** INPUT DATA follows **

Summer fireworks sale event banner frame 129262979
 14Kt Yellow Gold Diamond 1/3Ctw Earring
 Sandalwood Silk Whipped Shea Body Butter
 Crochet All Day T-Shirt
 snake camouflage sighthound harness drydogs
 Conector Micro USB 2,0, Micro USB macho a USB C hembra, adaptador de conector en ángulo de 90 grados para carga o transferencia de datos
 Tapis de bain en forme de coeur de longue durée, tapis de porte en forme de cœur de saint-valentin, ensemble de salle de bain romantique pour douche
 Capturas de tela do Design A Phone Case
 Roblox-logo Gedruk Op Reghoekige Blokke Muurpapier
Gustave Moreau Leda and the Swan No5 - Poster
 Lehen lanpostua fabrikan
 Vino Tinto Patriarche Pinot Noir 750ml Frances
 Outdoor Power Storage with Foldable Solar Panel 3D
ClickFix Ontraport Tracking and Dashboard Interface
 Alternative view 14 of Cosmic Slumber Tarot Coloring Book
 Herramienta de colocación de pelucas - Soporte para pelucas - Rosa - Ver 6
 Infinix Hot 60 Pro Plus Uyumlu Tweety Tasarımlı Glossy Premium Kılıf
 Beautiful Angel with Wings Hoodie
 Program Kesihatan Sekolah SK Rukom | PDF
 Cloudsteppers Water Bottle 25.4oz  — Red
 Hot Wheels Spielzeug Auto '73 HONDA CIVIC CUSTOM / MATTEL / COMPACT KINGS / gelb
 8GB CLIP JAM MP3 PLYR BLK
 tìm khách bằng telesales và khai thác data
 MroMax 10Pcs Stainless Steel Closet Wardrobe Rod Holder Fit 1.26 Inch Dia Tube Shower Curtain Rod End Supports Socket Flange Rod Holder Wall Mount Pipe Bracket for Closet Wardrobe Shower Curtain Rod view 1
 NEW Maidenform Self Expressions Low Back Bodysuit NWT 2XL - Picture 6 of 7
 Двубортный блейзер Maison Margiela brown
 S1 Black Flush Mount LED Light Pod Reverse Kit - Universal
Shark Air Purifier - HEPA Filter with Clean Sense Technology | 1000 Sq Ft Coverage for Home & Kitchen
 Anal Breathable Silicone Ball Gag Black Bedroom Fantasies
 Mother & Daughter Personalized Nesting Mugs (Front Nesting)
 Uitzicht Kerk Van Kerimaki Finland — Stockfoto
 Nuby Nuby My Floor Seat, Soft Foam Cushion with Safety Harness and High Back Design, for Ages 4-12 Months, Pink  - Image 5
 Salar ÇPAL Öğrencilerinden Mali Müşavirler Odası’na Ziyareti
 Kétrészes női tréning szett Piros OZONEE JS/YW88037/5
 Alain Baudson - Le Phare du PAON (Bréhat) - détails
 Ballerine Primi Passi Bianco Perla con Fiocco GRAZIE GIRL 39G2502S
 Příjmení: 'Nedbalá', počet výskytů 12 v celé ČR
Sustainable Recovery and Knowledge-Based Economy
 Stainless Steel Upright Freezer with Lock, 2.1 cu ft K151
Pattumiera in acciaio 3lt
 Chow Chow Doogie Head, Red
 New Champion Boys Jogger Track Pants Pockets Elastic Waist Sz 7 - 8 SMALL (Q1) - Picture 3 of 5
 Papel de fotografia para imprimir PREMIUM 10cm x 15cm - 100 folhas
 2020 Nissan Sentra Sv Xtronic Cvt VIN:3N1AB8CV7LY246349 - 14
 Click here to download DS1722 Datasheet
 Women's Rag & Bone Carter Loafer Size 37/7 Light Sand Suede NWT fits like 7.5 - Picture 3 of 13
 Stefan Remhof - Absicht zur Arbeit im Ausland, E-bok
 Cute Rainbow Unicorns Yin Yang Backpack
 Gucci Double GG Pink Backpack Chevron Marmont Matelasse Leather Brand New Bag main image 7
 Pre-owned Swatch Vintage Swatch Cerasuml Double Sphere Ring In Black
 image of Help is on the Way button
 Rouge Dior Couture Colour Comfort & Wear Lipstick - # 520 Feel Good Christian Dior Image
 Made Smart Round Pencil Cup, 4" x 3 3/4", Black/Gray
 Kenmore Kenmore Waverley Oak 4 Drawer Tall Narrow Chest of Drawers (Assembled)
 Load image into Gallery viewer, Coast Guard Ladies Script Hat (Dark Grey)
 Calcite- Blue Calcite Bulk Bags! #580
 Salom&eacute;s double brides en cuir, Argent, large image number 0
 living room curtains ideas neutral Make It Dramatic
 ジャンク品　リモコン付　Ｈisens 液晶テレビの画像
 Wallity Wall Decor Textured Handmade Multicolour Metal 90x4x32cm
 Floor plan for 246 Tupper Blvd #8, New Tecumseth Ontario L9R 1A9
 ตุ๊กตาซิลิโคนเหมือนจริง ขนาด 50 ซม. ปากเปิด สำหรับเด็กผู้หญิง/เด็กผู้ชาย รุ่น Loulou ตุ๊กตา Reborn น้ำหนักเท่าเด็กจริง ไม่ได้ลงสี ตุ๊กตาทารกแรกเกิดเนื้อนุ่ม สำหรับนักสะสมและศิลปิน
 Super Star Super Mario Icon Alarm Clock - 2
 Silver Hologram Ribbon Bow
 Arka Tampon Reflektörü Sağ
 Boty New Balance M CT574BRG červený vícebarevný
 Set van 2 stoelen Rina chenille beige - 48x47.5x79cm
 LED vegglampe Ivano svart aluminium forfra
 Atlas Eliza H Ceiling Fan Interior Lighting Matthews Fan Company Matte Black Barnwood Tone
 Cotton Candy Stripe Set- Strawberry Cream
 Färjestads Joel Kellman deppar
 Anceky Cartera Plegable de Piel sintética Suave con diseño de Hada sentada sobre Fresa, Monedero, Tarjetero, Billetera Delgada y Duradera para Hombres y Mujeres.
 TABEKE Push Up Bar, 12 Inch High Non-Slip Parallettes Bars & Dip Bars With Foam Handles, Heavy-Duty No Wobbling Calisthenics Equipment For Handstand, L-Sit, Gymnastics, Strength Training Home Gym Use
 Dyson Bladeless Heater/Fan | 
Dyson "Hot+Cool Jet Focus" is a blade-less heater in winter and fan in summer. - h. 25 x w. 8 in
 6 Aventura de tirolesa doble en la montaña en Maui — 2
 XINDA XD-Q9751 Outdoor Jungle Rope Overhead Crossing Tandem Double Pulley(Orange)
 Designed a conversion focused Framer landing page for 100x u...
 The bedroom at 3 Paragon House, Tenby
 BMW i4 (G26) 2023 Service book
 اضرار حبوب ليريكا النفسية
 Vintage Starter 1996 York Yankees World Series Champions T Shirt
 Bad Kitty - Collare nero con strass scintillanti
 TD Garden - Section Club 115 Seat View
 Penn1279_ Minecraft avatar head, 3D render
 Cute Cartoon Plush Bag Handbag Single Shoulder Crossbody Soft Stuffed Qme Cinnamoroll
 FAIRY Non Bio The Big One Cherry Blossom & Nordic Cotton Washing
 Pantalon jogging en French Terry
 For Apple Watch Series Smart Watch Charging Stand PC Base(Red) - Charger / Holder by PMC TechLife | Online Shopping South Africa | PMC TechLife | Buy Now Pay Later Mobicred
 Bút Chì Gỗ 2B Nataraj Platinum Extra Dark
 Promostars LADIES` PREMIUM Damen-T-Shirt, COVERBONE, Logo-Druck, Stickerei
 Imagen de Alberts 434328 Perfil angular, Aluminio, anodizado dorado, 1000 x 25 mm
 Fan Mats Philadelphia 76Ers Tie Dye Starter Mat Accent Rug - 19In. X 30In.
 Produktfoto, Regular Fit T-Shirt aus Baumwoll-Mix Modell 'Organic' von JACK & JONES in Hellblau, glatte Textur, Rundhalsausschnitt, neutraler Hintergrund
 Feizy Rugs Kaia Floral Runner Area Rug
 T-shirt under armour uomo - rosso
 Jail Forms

** End of INPUT DATA **

Exact copies of every record above are required.

Summer fireworks sale event banner frame 129262979
 14Kt Yellow Gold Diamond 1/3Ctw Earring
 Sandalwood Silk Whipped Shea Body Butter
 Crochet All Day T-Shirt
 snake camouflage sighthound harness drydogs
 Conector Micro USB 2,0, Micro USB macho a USB C hembra, adaptador de conector en ángulo de 90 grados para carga o transferencia de datos
 Tapis de bain en forme de coeur de longue durée, tapis de porte en forme de cœur de saint-valentin, ensemble de salle de bain romantique pour douche
 Capturas de tela do Design A Phone Case
 Roblox-logo Gedruk Op Reghoekige Blokke Muurpapier
Gustave Moreau Leda and the Swan No5 - Poster
 Lehen lanpostua fabrikan
 Vino Tinto Patriarche Pinot Noir 750ml Frances
 Outdoor Power Storage with Foldable Solar Panel 3D
ClickFix Ontraport Tracking and Dashboard Interface
 Alternative view 14 of Cosmic Slumber Tarot Coloring Book
 Herramienta de colocación de pelucas - Soporte para pelucas - Rosa - Ver 6
 Infinix Hot 60 Pro Plus Uyumlu Tweety Tasarımlı Glossy Premium Kılıf
 Beautiful Angel with Wings Hoodie
 Program Kesihatan Sekolah SK Rukom | PDF
 Cloudsteppers Water Bottle 25.4oz  — Red
 Hot Wheels Spielzeug Auto '73 HONDA CIVIC CUSTOM / MATTEL / COMPACT KINGS / gelb
 8GB CLIP JAM MP3 PLYR BLK
 tìm khách bằng telesales và khai thác data
 MroMax 10Pcs Stainless Steel Closet Wardrobe Rod Holder Fit 1.26 Inch Dia Tube Shower Curtain Rod End Supports Socket Flange Rod Holder Wall Mount Pipe Bracket for Closet Wardrobe Shower Curtain Rod view 1
 NEW Maidenform Self Expressions Low Back Bodysuit NWT 2XL - Picture 6 of 7
 Двубортный блейзер Maison Margiela brown
 S1 Black Flush Mount LED Light Pod Reverse Kit - Universal
Shark Air Purifier - HEPA Filter with Clean Sense Technology | 1000 Sq Ft Coverage for Home & Kitchen
 Anal Breathable Silicone Ball Gag Black Bedroom Fantasies
 Mother & Daughter Personalized Nesting Mugs (Front Nesting)
 Uitzicht Kerk Van Kerimaki Finland — Stockfoto
 Nuby Nuby My Floor Seat, Soft Foam Cushion with Safety Harness and High Back Design, for Ages 4-12 Months, Pink  - Image 5
 Salar ÇPAL Öğrencilerinden Mali Müşavirler Odası’na Ziyareti
 Kétrészes női tréning szett Piros OZONEE JS/YW88037/5
 Alain Baudson - Le Phare du PAON (Bréhat) - détails
 Ballerine Primi Passi Bianco Perla con Fiocco GRAZIE GIRL 39G2502S
 Příjmení: 'Nedbalá', počet výskytů 12 v celé ČR
Sustainable Recovery and Knowledge-Based Economy
 Stainless Steel Upright Freezer with Lock, 2.1 cu ft K151
Pattumiera in acciaio 3lt
 Chow Chow Doogie Head, Red
 New Champion Boys Jogger Track Pants Pockets Elastic Waist Sz 7 - 8 SMALL (Q1) - Picture 3 of 5
 Papel de fotografia para imprimir PREMIUM 10cm x 15cm - 100 folhas
 2020 Nissan Sentra Sv Xtronic Cvt VIN:3N1AB8CV7LY246349 - 14
 Click here to download DS1722 Datasheet
 Women's Rag & Bone Carter Loafer Size 37/7 Light Sand Suede NWT fits like 7.5 - Picture 3 of 13
 Stefan Remhof - Absicht zur Arbeit im Ausland, E-bok
 Cute Rainbow Unicorns Yin Yang Backpack
 Gucci Double GG Pink Backpack Chevron Marmont Matelasse Leather Brand New Bag main image 7
 Pre-owned Swatch Vintage Swatch Cerasuml Double Sphere Ring In Black
 image of Help is on the Way button
 Rouge Dior Couture Colour Comfort & Wear Lipstick - # 520 Feel Good Christian Dior Image
 Made Smart Round Pencil Cup, 4" x 3 3/4", Black/Gray
 Kenmore Kenmore Waverley Oak 4 Drawer Tall Narrow Chest of Drawers (Assembled)
 Load image into Gallery viewer, Coast Guard Ladies Script Hat (Dark Grey)
 Calcite- Blue Calcite Bulk Bags! #580
 Salom&eacute;s double brides en cuir, Argent, large image number 0
 living room curtains ideas neutral Make It Dramatic
 ジャンク品　リモコン付　Ｈisens 液晶テレビの画像
 Wallity Wall Decor Textured Handmade Multicolour Metal 90x4x32cm
 Floor plan for 246 Tupper Blvd #8, New Tecumseth Ontario L9R 1A9
 ตุ๊กตาซิลิโคนเหมือนจริง ขนาด 50 ซม. ปากเปิด สำหรับเด็กผู้หญิง/เด็กผู้ชาย รุ่น Loulou ตุ๊กตา Reborn น้ำหนักเท่าเด็กจริง ไม่ได้ลงสี ตุ๊กตาทารกแรกเกิดเนื้อนุ่ม สำหรับนักสะสมและศิลปิน
 Super Star Super Mario Icon Alarm Clock - 2
 Silver Hologram Ribbon Bow
 Arka Tampon Reflektörü Sağ
 Boty New Balance M CT574BRG červený vícebarevný
 Set van 2 stoelen Rina chenille beige - 48x47.5x79cm
 LED vegglampe Ivano svart aluminium forfra
 Atlas Eliza H Ceiling Fan Interior Lighting Matthews Fan Company Matte Black Barnwood Tone
 Cotton Candy Stripe Set- Strawberry Cream
 Färjestads Joel Kellman deppar
 Anceky Cartera Plegable de Piel sintética Suave con diseño de Hada sentada sobre Fresa, Monedero, Tarjetero, Billetera Delgada y Duradera para Hombres y Mujeres.
 TABEKE Push Up Bar, 12 Inch High Non-Slip Parallettes Bars & Dip Bars With Foam Handles, Heavy-Duty No Wobbling Calisthenics Equipment For Handstand, L-Sit, Gymnastics, Strength Training Home Gym Use
 Dyson Bladeless Heater/Fan | 
Dyson "Hot+Cool Jet Focus" is a blade-less heater in winter and fan in summer. - h. 25 x w. 8 in
 6 Aventura de tirolesa doble en la montaña en Maui — 2
 XINDA XD-Q9751 Outdoor Jungle Rope Overhead Crossing Tandem Double Pulley(Orange)
 Designed a conversion focused Framer landing page for 100x u...
 The bedroom at 3 Paragon House, Tenby
 BMW i4 (G26) 2023 Service book
 اضرار حبوب ليريكا النفسية
 Vintage Starter 1996 York Yankees World Series Champions T Shirt
 Bad Kitty - Collare nero con strass scintillanti
 TD Garden - Section Club 115 Seat View
 Penn1279_ Minecraft avatar head, 3D render
 Cute Cartoon Plush Bag Handbag Single Shoulder Crossbody Soft Stuffed Qme Cinnamoroll
 FAIRY Non Bio The Big One Cherry Blossom & Nordic Cotton Washing
 Pantalon jogging en French Terry
 For Apple Watch Series Smart Watch Charging Stand PC Base(Red) - Charger / Holder by PMC TechLife | Online Shopping South Africa | PMC TechLife | Buy Now Pay Later Mobicred
 Bút Chì Gỗ 2B Nataraj Platinum Extra Dark
 Promostars LADIES` PREMIUM Damen-T-Shirt, COVERBONE, Logo-Druck, Stickerei
 Imagen de Alberts 434328 Perfil angular, Aluminio, anodizado dorado, 1000 x 25 mm
 Fan Mats Philadelphia 76Ers Tie Dye Starter Mat Accent Rug - 19In. X 30In.
 Produktfoto, Regular Fit T-Shirt aus Baumwoll-Mix Modell 'Organic' von JACK & JONES in Hellblau, glatte Textur, Rundhalsausschnitt, neutraler Hintergrund
 Feizy Rugs Kaia Floral Runner Area Rug
 T-shirt under armour uomo - rosso
 Jail Forms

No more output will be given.